Jamie Weir - CPRE Protect Kent

Eating healthily is critical to the continued beauty of our countryside. If the public creates a demand for sustainably grown fruit and vegetables - and organically and naturally reared meat - it will ensure that more of our countryside remains unblighted by inappropriate man-made structures.

Dr Howard Lee - Hadlow College

We are all conscious of the need to eat healthily these days, but many people fail to do so due to low income and lifestyle issues. In many cities, fast foods are offered at competitive prices and are preferred by families for their convenience: the classic situation of ‘food poverty’.

By contrast, a well-balanced diet of fruit, vegetables, pulses and some meat is vitally important for long-term human health. The rural landscape will also benefit from such consumption. This is because farms with a ‘mixed’ (livestock and crops) management have the most viable future across most parts of Britain - except the uplands and other mountainous regions.

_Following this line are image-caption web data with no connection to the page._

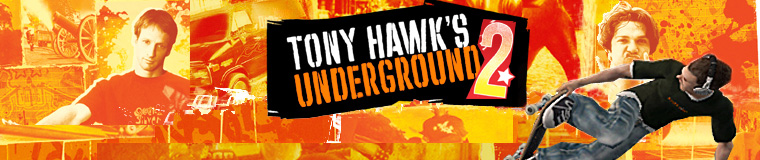 tony hawks pro skater banner from 2004
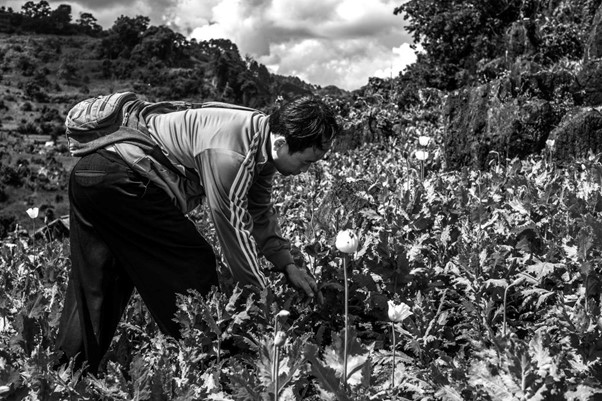 An opium field in Kayah State, Myanamar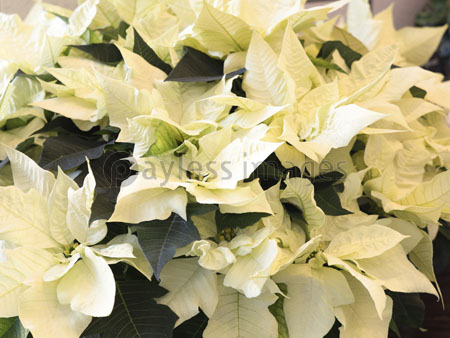 プリンセチア 商用利用可能な写真素材 イラスト素材ならストックフォトの定額制ペイレスイメージズ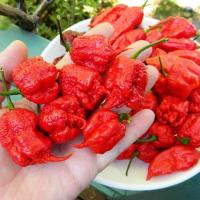 ราคา พริกเผ็ดดด ที่สุดในโลก carolina reaper ถูกที่สุด25บ carolina reaper 5 เมล็ด ปลูกง่าย ขึ้นไว เผ็ดที่สุด (13058247508)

Dr Chris Atkinson - East Malling Research

Eating a balanced mixture of fruit, vegetables, starchy products and meat is key to human health with the promotion of initiatives like 5 A DAY encouraging healthier diets. This resurgence of understanding the benefits derived from eating seasonal and locally produced food fits well into consumer desires. At East Malling Research we are aware that differences in regional landscapes and resource availability, for example rainfall and water availability, will need to be exploited if we are to maximise sustainable yields and this will create regional differences in the UK food-production landscape.

Charles Tassell - Ex-chair, NFU Kent

Healthy eating encourages diverse cropping in our countryside, restoring the landscape patchwork. By consumers choosing locally produced, seasonal food, farmers are encouraged to produce wider ranges of crops. This helps to increase biodiversity because multi-cropping - involving spreading, sowing and harvesting operations - benefits wildlife.